Schuler, Lou, and Cassandra E. Forsythe. The New Rules of Lifting for Women: Lift like a Man, Look like a Goddess. New York: Avery, 2007. Print.

Got this from the library after seeing it mentioned somewhere (wish I could remember where – perhaps the Fit Fatties forum?).  I was prepared to ignore the diet sections but was afraid I’d be triggered by them, but fortunately they started off with things like “you probably aren’t eating enough”, “eat more protein” (but not that carbs are bad), and “eat five or six meals a day”.  That eased my mind.  The exercises seem basic but not easy; this is *real* weight lifting!  There’s a good variety and the workouts start fairly simple with only five exercises.  I have been sick for weeks with a string of colds, but I’ve done two partial workouts and enjoyed them.  I look forward to doing it more regularly.

Recommended by someone on the new message board I’m on, plus two friends were reading it for their book club.  Some of the reviews made me think I wouldn’t like it, but perhaps because they set my expectations low, I found I did like it.

It’s told as a series of emails from one man to another, after he finds his old friend has included him and elements of his life in a book he wrote.

Picked it up, read a chapter, almost returned it.  Picked it up again in the car another day and finished it within the hour.  Entertaining, very similar to the first two books; amazingly so, considering they are different authors.

I didn’t enjoy this as much as the first of her books I read, but perhaps I was only reading that one because I had to for book club.

About half-way through I got more interested and finished it quickly.

Book 2 of the 39 Clues series.
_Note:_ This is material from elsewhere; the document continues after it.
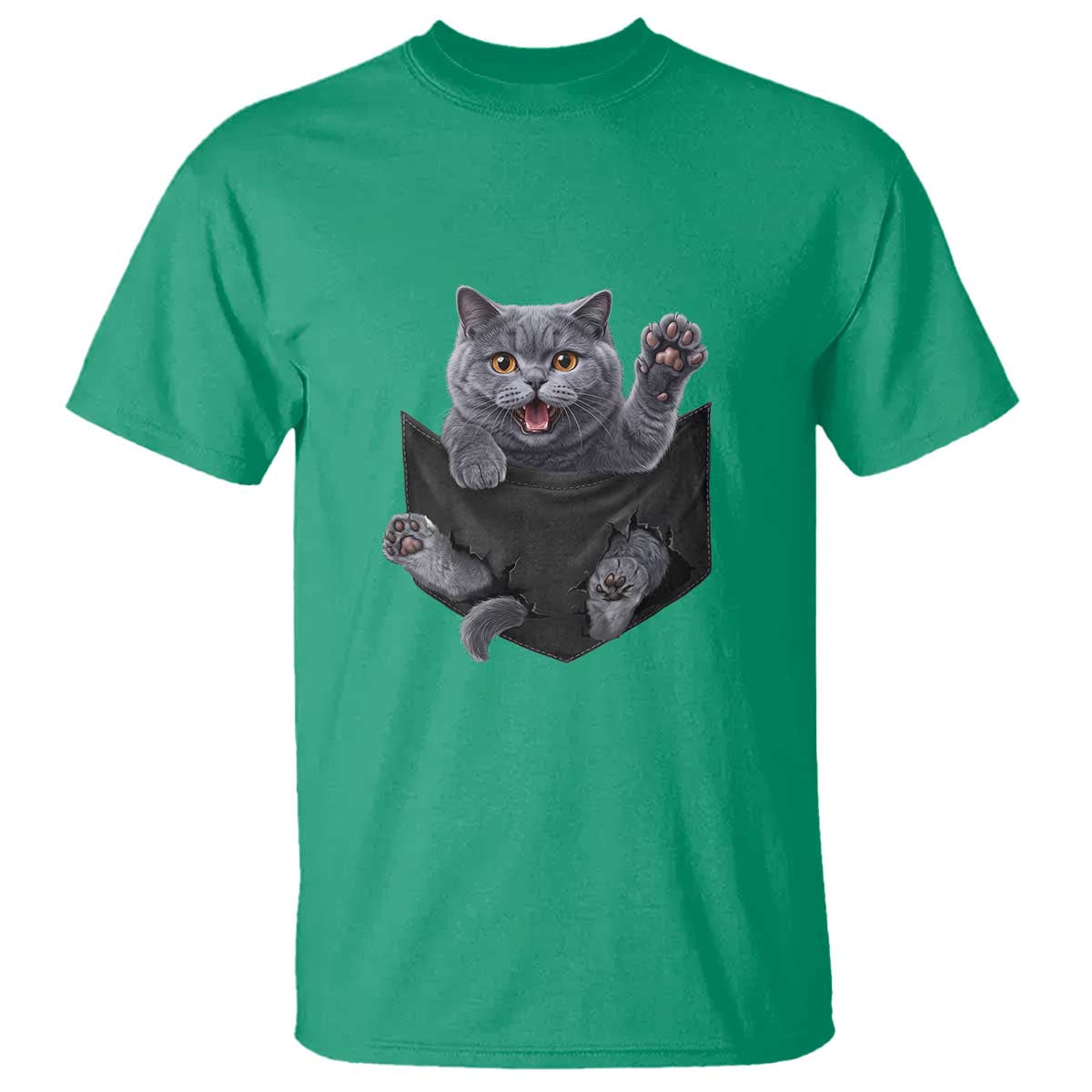 Cute British Shorthair Cat In Pocket T Shirt Cat Lover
Amazingly (I might even say annoyingly) like the first one, considering they have two different authors. I wouldn’t bother with the series except I like the fact that each book is written by a different author, and lots of them are authors I like.

Book #1 of the series “The 39 Clues”.

Fast-paced, enjoyable.  The old and rich Grace Cahill dies and leaves an improbable will letting her relatives join a mystery clue-chase.  Her young favourites, Amy and Dan, join the chase and are competing against other relatives who are willing to set fires and detonate bombs to get ahead.  Nobody dies, but the violence is more than I would like.
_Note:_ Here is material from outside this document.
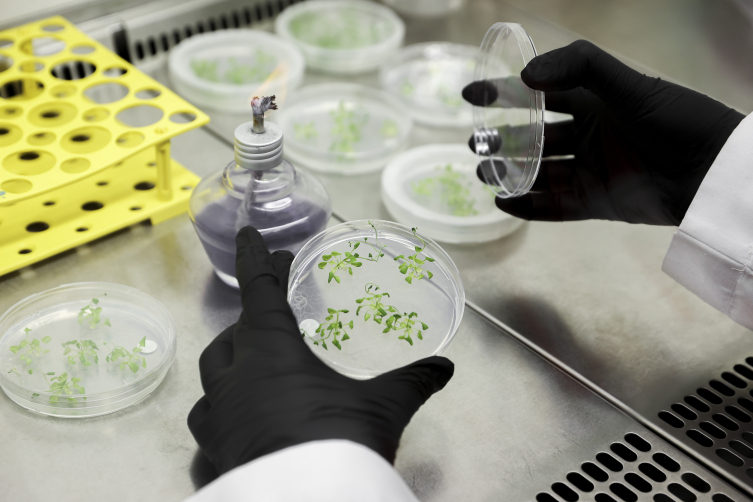 Gezeravcı'nın denediği CRISPR tekniğiyle bitkilerde verimliliğin artırılması amaçlanıyor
There’s plenty of history, for example, about Benjamin Franklin, which as far as I know is accurate.  It makes sense and is needed in the narrative, in a way that will make kids remember it, I believe.

Rick Riordan wrote the “Percy Jackson” series, which my son enjoyed.  I like the fact that the books in this series will be written by different authors that I like; that will be enough to keep me reading through them.

I resisted reading this for a long time.  I said that it didn’t sound interesting, or relevant to me, or some such thing.  When I finally picked it up (from our local Little Free Library) and opened it, I recognized a sense of dread.  Turns out I’d been afraid to read it.

I needn’t have been.  It’s wrenching and awful, yes, but somehow funny and passionate at the same time.  Walls never asks for sympathy; she just tells it like it was.  It’s a fascinating portrayal of family life completely unlike what I experienced growing up.  She’s a wonderful storyteller, and I finished the book in a day or two.

A book like this shows me how everyone I meet has their own unimaginable story, and reminds me that we all have u“>nmet needs, some recent, some a lifetime old.

After finding and reading one Agatha Christie on Gutenberg.org, I put this on hold at the library, since it seemed to be Christie’s most famous work.  I enjoyed it, reading it in one sitting.  I didn’t manage to guess “whodunnit”, but I didn’t expect to, not being an expert in the genre.

Recommended.

I enjoyed this book a lot more than I expected to.  As an experienced knitter on my way to become a Master Hand Knitter, I don’t ignore beginner’s books, but I don’t generally find anything new in them.  This one impressed me by not leaving out all the ‘extra’ stuff that a lot of books think beginners don’t need.  By focusing only on the knit stitch (not even purling!), she can include all kinds of little touches and details that make a knitted garment outstanding.  I mean things like how to start and end a row, or exactly how to make a buttonhole that will work well for a certain garment.

I actually found it because I was looking on Ravelry.com for a certain type of jacket I wanted to knit.  I found something pretty close, which turned out to be the Einstein Coat in this book.  I’m about a quarter of the way through an enjoyable garter stitch project, which I never thought I would do!  The plain, flat fabric of garter stitch turns out to be the best way to show off the crazy colours of variegated wool I bought at fire-sale prices from KnitPicks.

I recently bought myself a Kobo Vox, and I’ve read several books on it without having figured out how to track them.  I’m not even sure when I’m reading a “book”, to tell the truth, which makes things confusing.

For example; this turned out to be something that I’d read before, because it’s one of the four in Alcott’s “Behind a Mask”.  However, I read it again and enjoyed it.

At under 20,000 words I’m not sure if it’s long enough to be called a novella, but it was longer than a short story, I’d say.